Dois médicos patologia avaliou os resultados de coloração em uma escala semi-quantitativa. Cinco campos de alta ampliação foram selecionados aleatoriamente a partir de cada seção, e 100 células de tumor em cada campo foram contadas para avaliar a intensidade e amplitude de coloração RNF146. Um resultado negativo foi atribuída uma pontuação de 0 (sem coloração), coloração amarelo pálido foi registrado como 1, amarelo foi classificada como a 2, e coloração castanho escuro foi registrado como um 3. pontuações percentuais foram atribuídos da seguinte forma: 5 %, 0; 5-25%, um; 26-50%, 2; 51-75%, 3; ≥75%, 4. Duas contagens independentes foram multiplicados para obter o coeficiente de coloração do paciente, que foi classificado como “expressão de baixo” para o coeficiente de coloração 4 e “alta expressão” para o coeficiente de coloração ≥4. Axina e β-catenina foram pontuados como previamente descrito [8] – [9].
transfecção celular
As células foram plaqueadas em placas de 24 poços a aproximadamente 50% de confluência e transf ectadas com plasmídeo ou siRNA 24 horas mais tarde.
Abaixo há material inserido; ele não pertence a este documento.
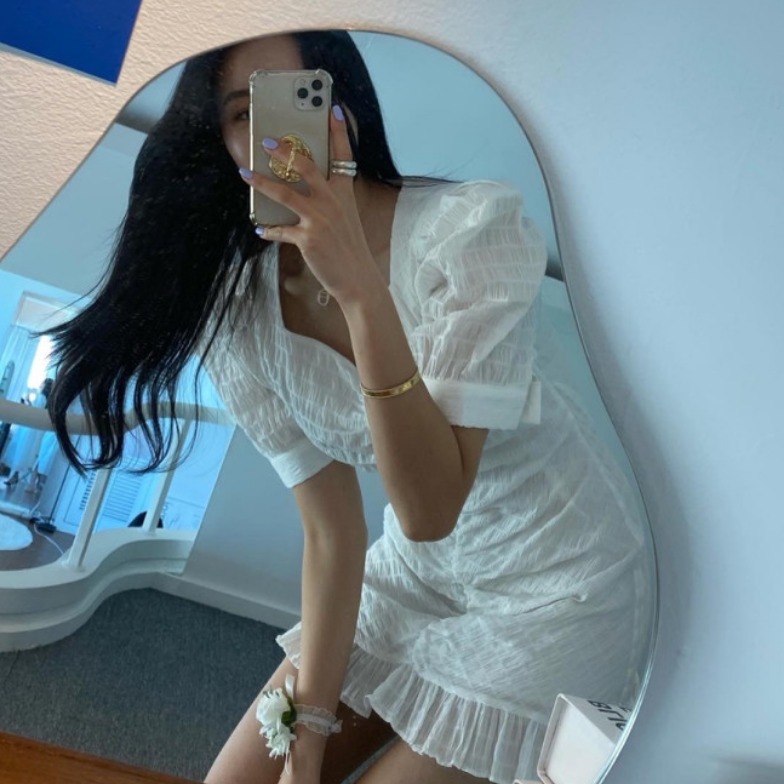 있음 선적 프랑스식 거품 소매 이후 지퍼 드레스 미니 스커트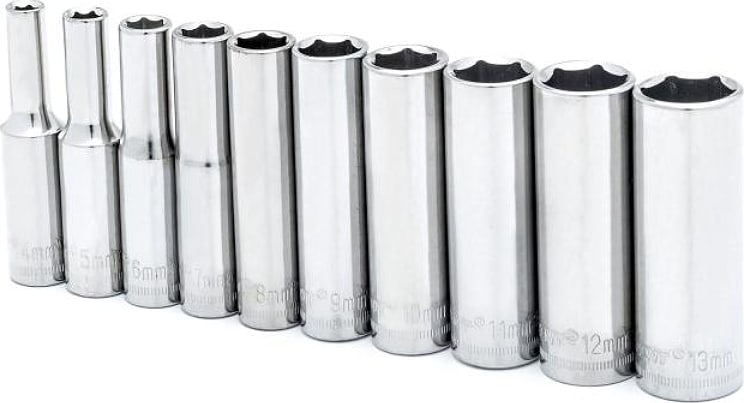 Crescent Nicholson CSAS11N - 10 Piece 1/4' Drive 6 Point Deep Metric Socket Set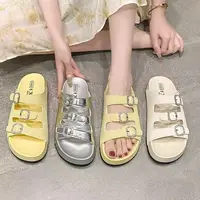 夏休闲款法式拖鞋女新款配裙子仙女风拖鞋802（3条钻扣）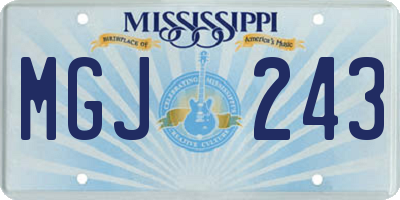 MS license plate MGJ243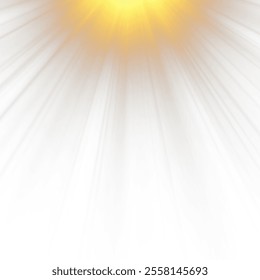 Transparent sunlight with lens flare. Dawn, sunset, sun. Flash of light.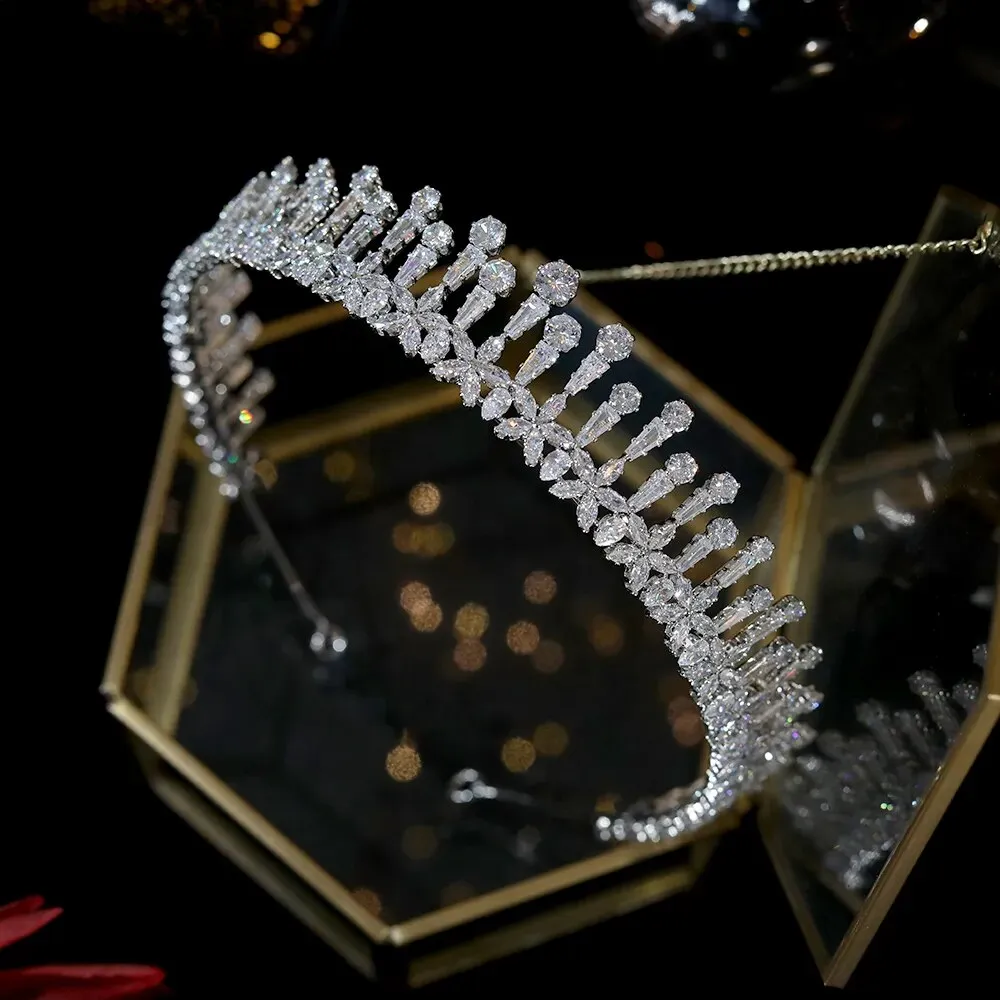 Fashion Flower Cubic Zirconia Bridal Crown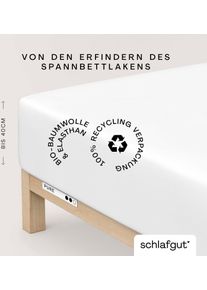 Spannbettlaken Schlafgut "PURE BOXSPRING Bio-Baumwolle mit Elasthan, 170 g/m&sup2;, Bettlaken", wei&szlig; (full, wei&szlig;), 1 Stk., Jersey-Elasthan, 140-160x200-220 40cm, Jersey-Elasthan, Obermaterial: 95% Baumwolle, 5% Elasthan, Bettlaken, Spannbettlaken, PREMIUM Boxspringbett Laken bis 40 cm H&ouml;he, dehnbar blickdicht, straff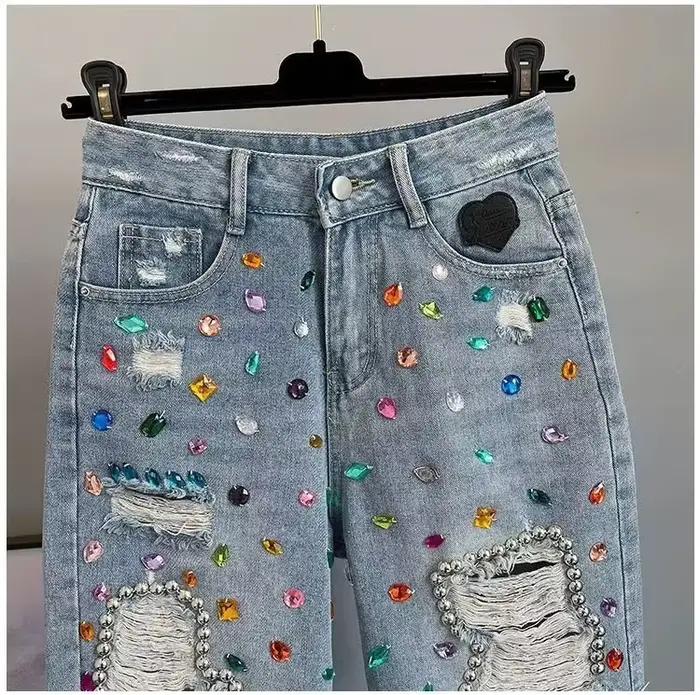 Jeans mi-longs pour femmes Street Trend DIY. Short en jean décontracté
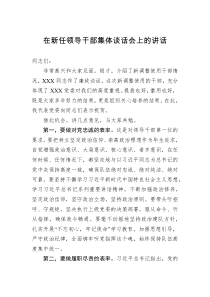 在新任领导干部集体谈话会上的讲话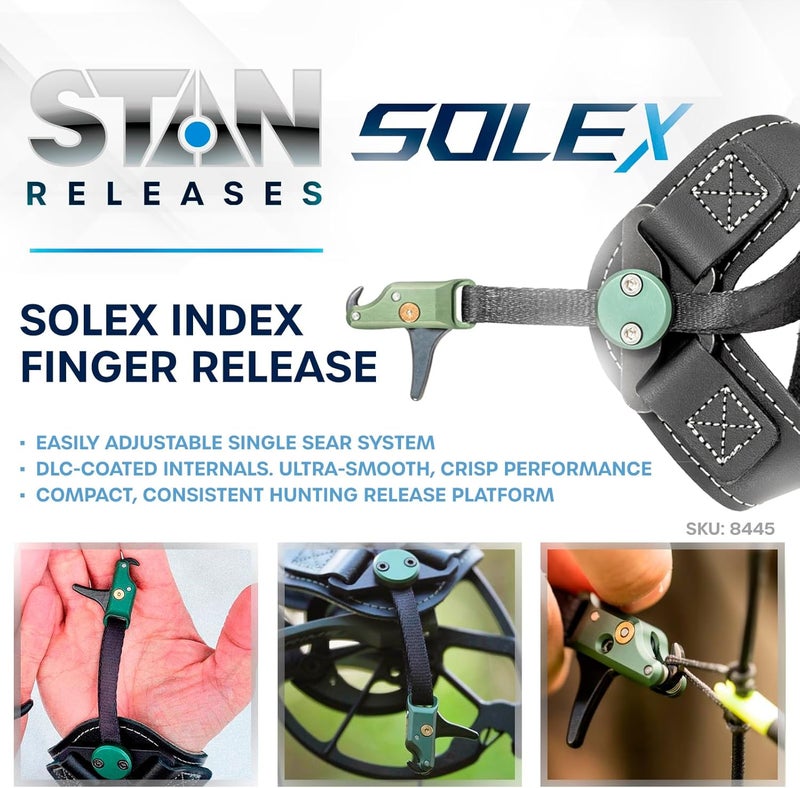 Stan SoleX Index Finger Archery Bowhunting Release - Buckle Wrist Strap Open Hook Trigger Aid with Single-Sear Design, Adjustable Length, Travel & Tension - Image 3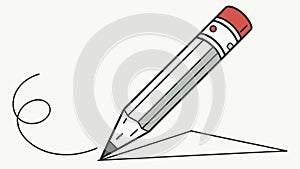 Simple Pencil Outline: Basic Writing Tool Icon, vector design Generative AI
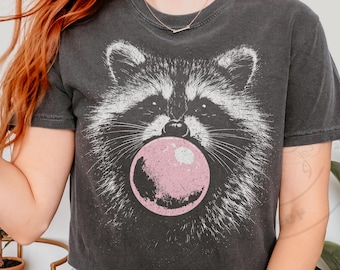 Raccoon Bubble Gum PNG, Funny Feral Girl Shirt Design, Retro Grunge Animal Graphic, Pink Bubble Gum PNG, Vintage Style Wildlife Shirt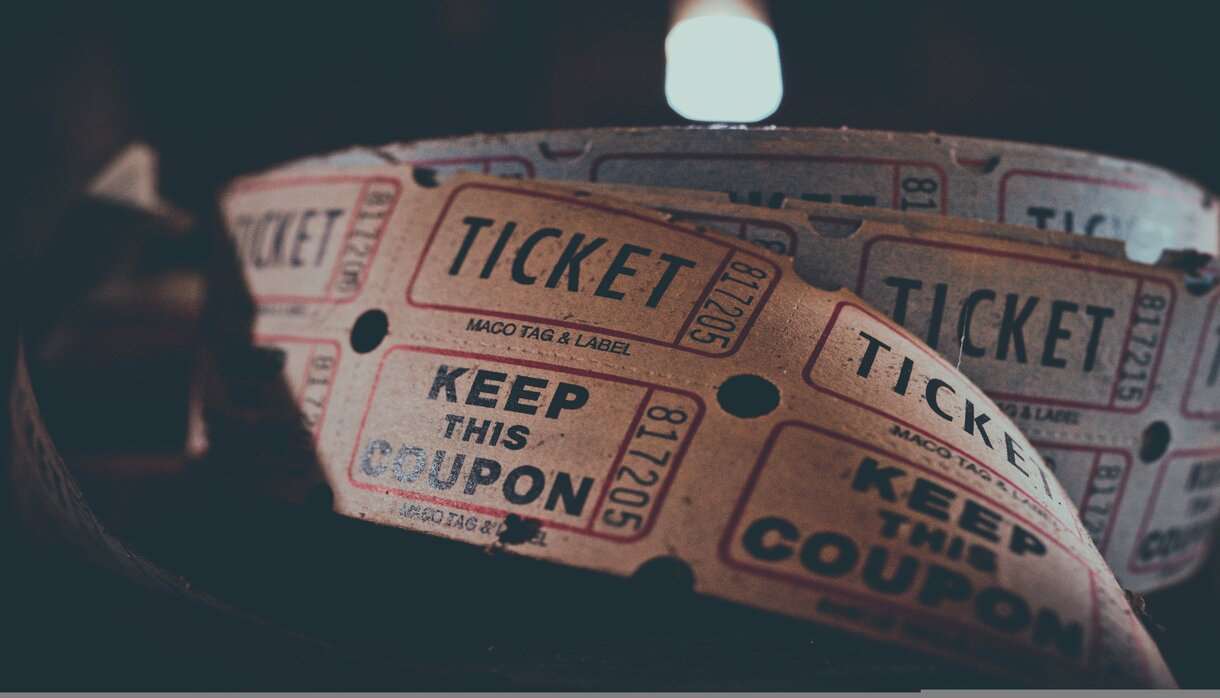 Close up of a roll of tickets for a show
A transfecção de linhas celulares de cancro do pulmão A549 e LTE foi realizada utilizando Lipofectamine 2000 (Invitrogen) de acordo com as instruções do fabricante. Para as experiências de co-transfecção, um a 1,5 ug de co-transfectadas ou vector vazio e 45 pmol de siRNA foram adicionados à mistura de transfecção. Depois de 5 h a 37 ° C e 5% de CO
2, meio completo foi adicionada à mistura de transfecção. eficiência de transfecção foi determinada por Western blot.
RT-PCR Ensaio
O RNA total foi extraído utilizando TRIzol (Invitrogen) de acordo com as instruções do Kit TaKaRa RNA PCR (Takara, Dalian, China) . expressão de GAPDH serviu como o controlo interno. As sequências iniciadoras foram: RNF146: para a frente: 5′-GGACGTCGCAGGAAGATTAAG-3 ‘e inverso: 5′-CAATGGAGGTGTCTGGTGCT-3′; Axina: para a frente: 5’-GACTTGCTGGACTTCTGGTT-3 ‘e inverso: 5′-TGTACTTTCGGTAGATGGCT-3′; p-catenina: para a frente: 5’-CTAAACAGGAAGGGATGGAAG-3 ‘e inverso: 5′-ACAGATGGCAGGCTCAGTGAT-3′; GAPDH: frente: 5’-GAAGGTCGGAGTCAACGGAT-3 ‘e inverter: 5′-CCTGGAAGATGGTGATGGG-3’. Os produtos de PCR para RNF146 (376 pb), Axin (109 pb), β-catenina (221 pb) e GAPDH (153 pb) foram amplificadas com 30 ciclos de PCR.
Western Blot
As células foram lisadas em tampão contendo NaCl 150 mM, PMSF a 1% de NP-40, 0,1% de SDS, 2 ug /mL de aprotinina e 1 mM. A proteína total foi colhido, e 60 ug foram separadas por SDS-PAGE e transferidos para fluoreto de polivinilideno (PVDF) membranas (Millipore, Billerica, MA, EUA). As proteínas em membranas de PVDF foram bloqueadas com albumina 5% de soro de bovino (BSA) em salino tamponado com fosfato com Tween (PBST), incubadas com anticorpo primário a 4 ° C durante a noite, e, em seguida, incubadas com anticorpos secundários à temperatura ambiente durante 2 horas. As membranas foram reveladas com o líquido químico melhorado (ECL) (Thermo Fisher Scientific), e os resultados foram registados utilizando um sistema de bioimaging (UVP Inc., Upland, CA, EUA). os níveis de expressão da proteína foram avaliadas usando β-actina como um controlo de carga.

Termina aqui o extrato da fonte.